• EXERCISE
Your output should be the lines below from the one with "1. O voleibol" through the one with "Cotton-viscose blend denim", copied exactly, pictures excluded.

• EXERCISE MATERIALS
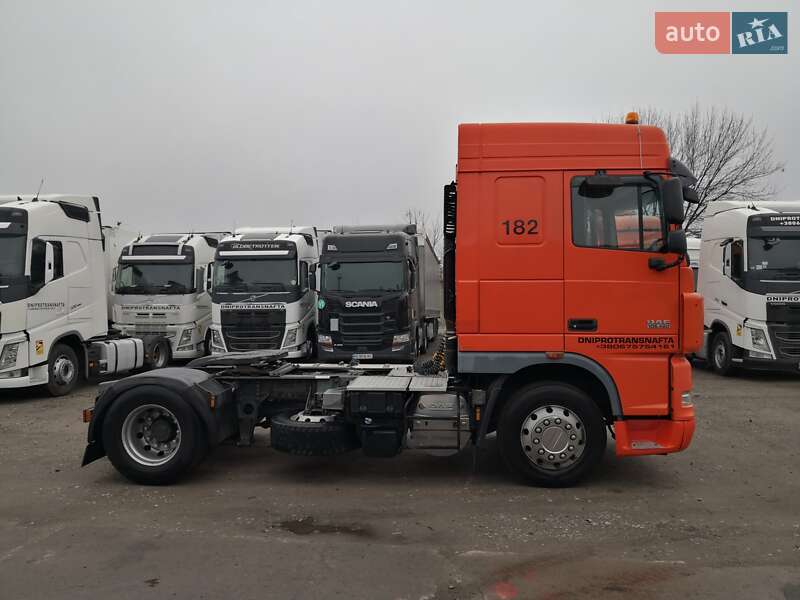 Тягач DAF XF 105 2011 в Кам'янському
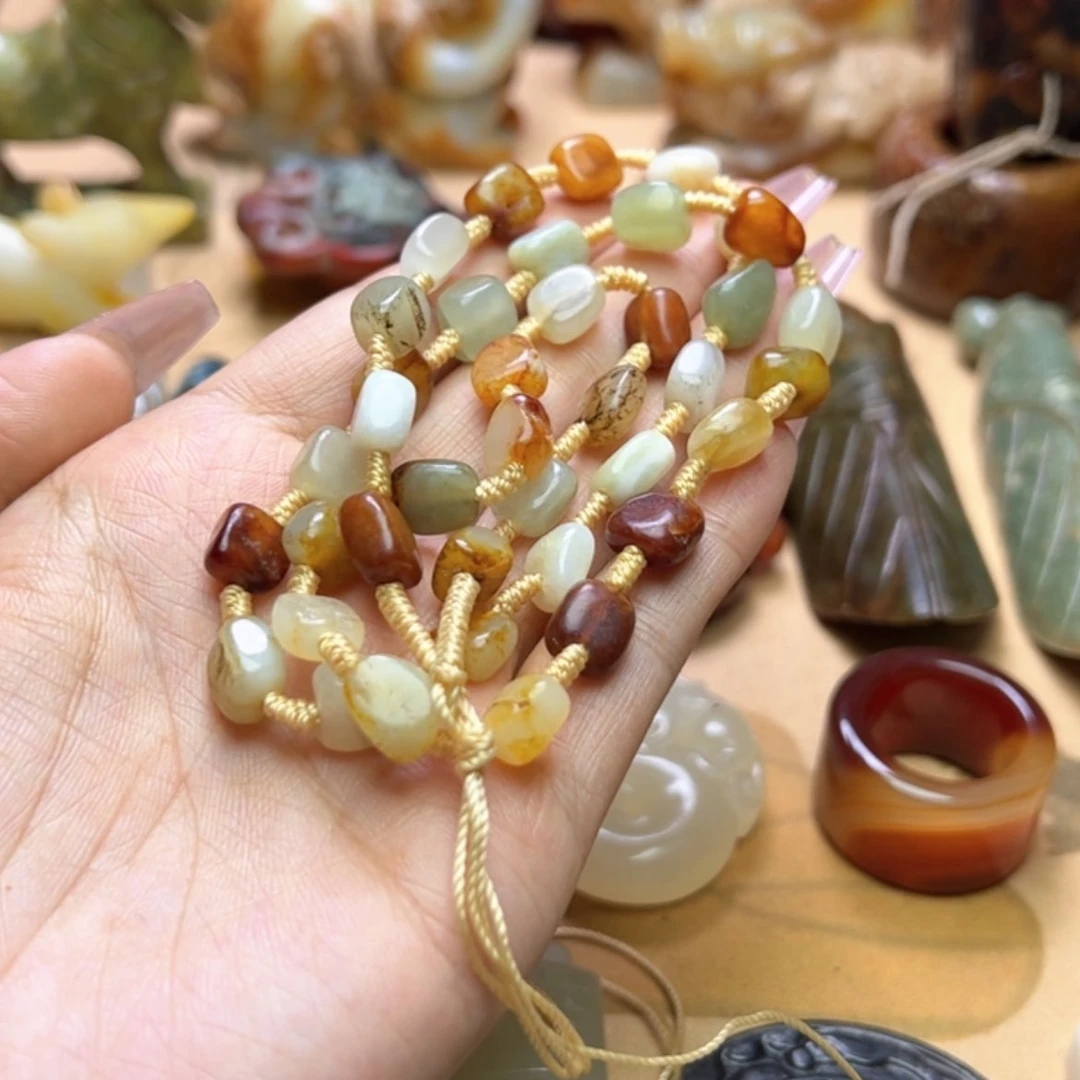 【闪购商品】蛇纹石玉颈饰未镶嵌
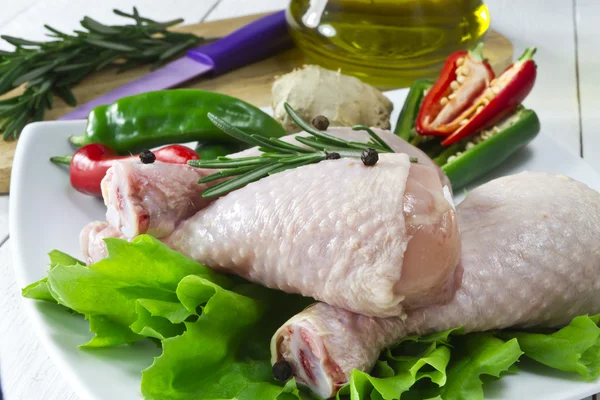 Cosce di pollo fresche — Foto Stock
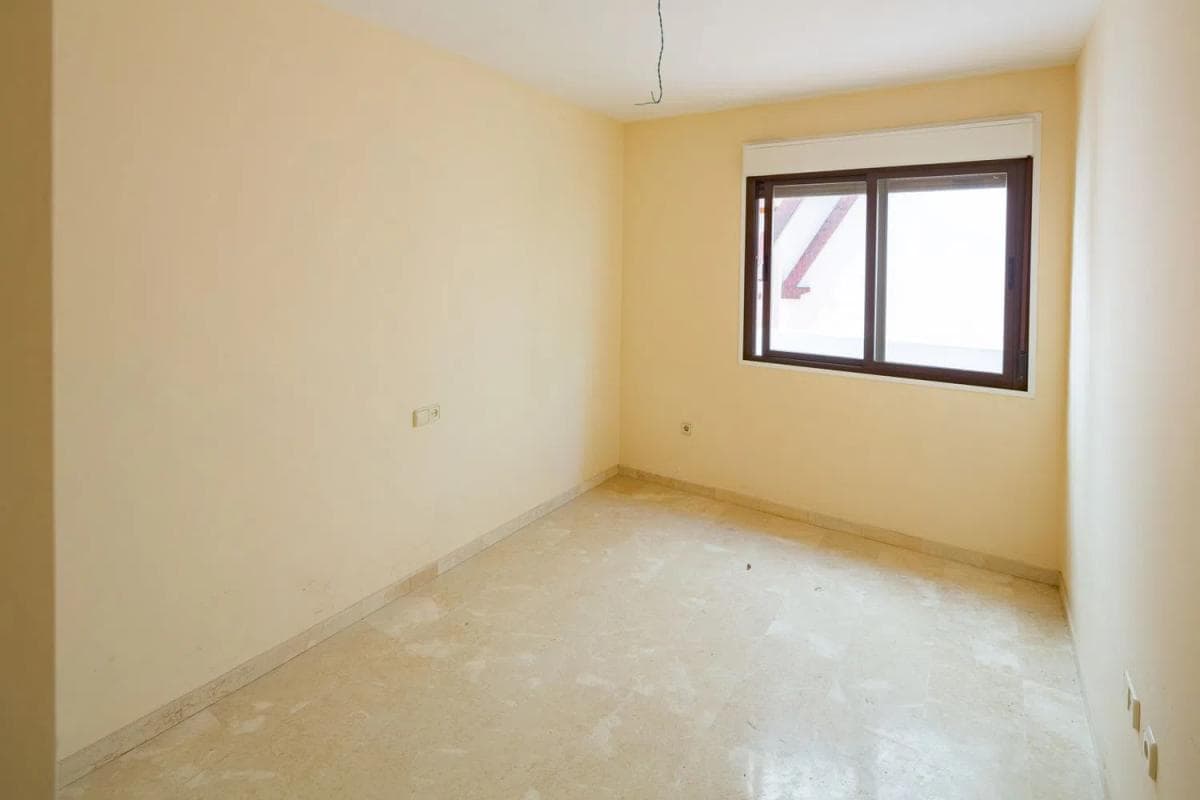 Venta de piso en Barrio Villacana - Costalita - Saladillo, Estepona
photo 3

---

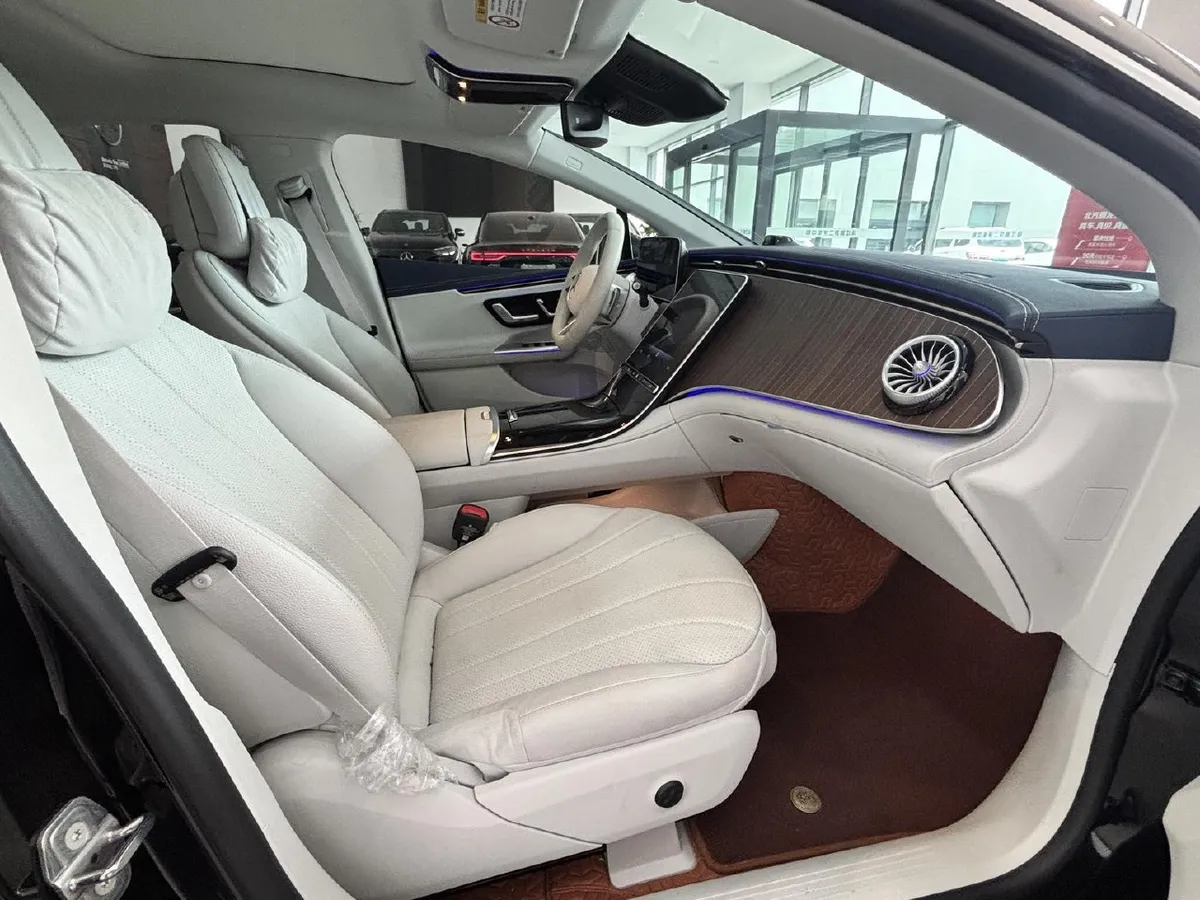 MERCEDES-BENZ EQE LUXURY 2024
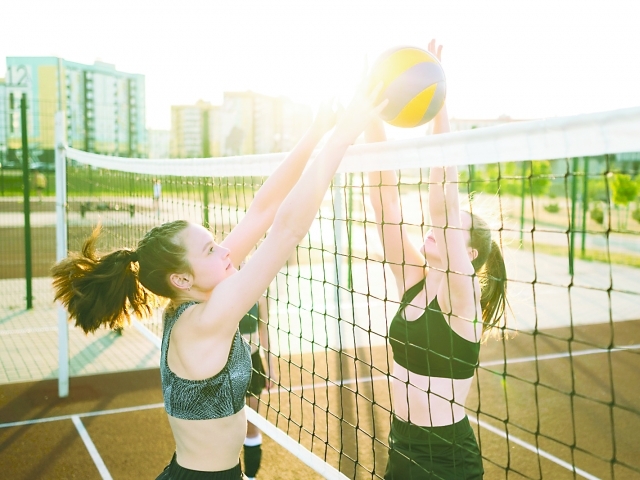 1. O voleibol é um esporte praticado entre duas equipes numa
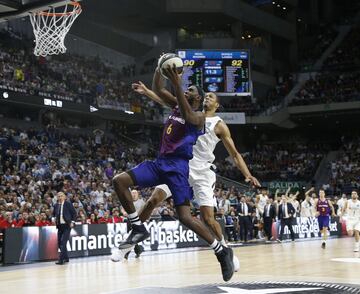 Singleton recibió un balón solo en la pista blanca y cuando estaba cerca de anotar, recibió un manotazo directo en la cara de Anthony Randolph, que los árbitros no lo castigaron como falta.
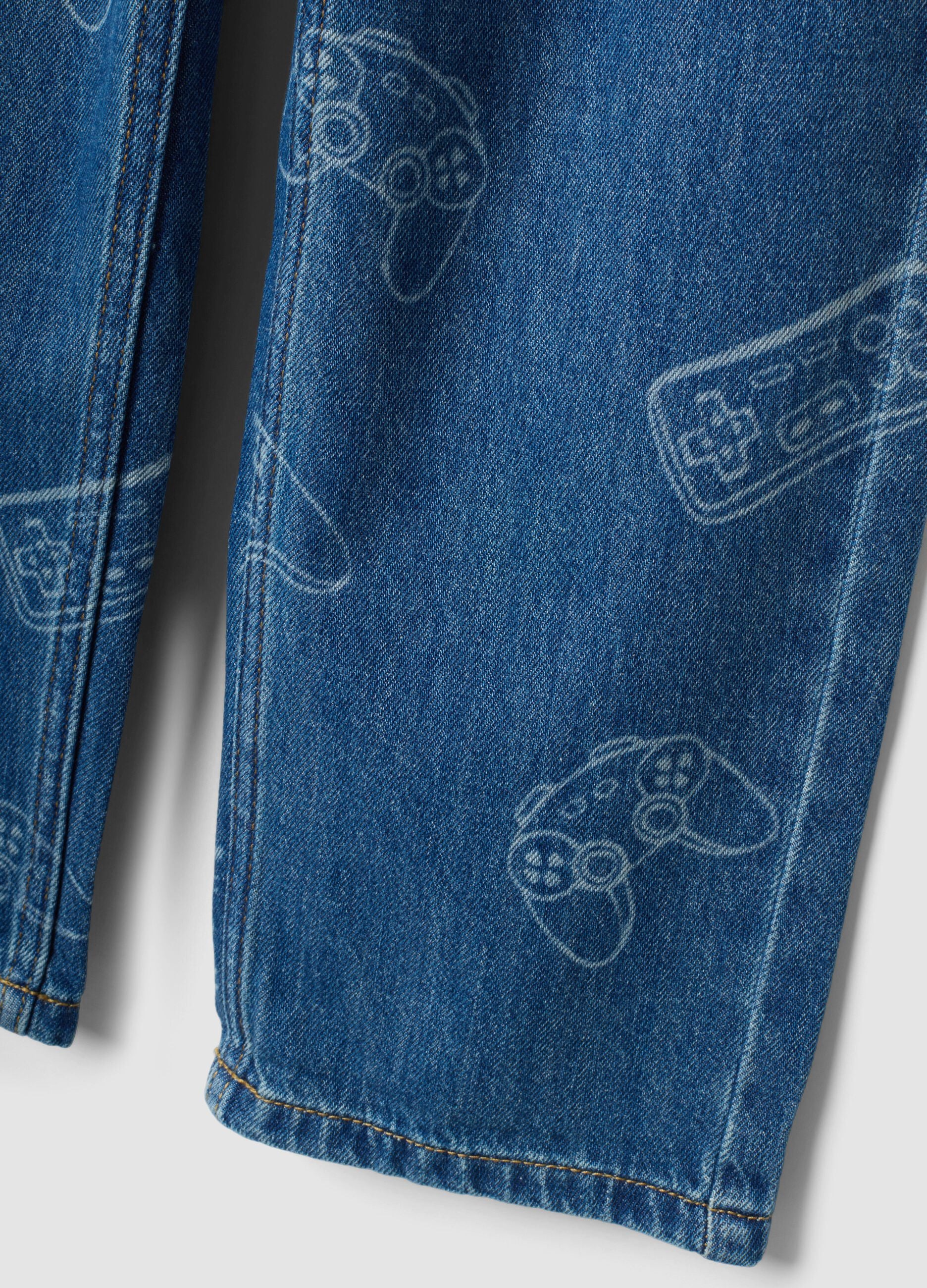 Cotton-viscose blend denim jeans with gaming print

• RESULT OF THE TASK
 1. O voleibol é um esporte praticado entre duas equipes numa
 Singleton recibió un balón solo en la pista blanca y cuando estaba cerca de anotar, recibió un manotazo directo en la cara de Anthony Randolph, que los árbitros no lo castigaron como falta.
 Cotton-viscose blend denim jeans with gaming print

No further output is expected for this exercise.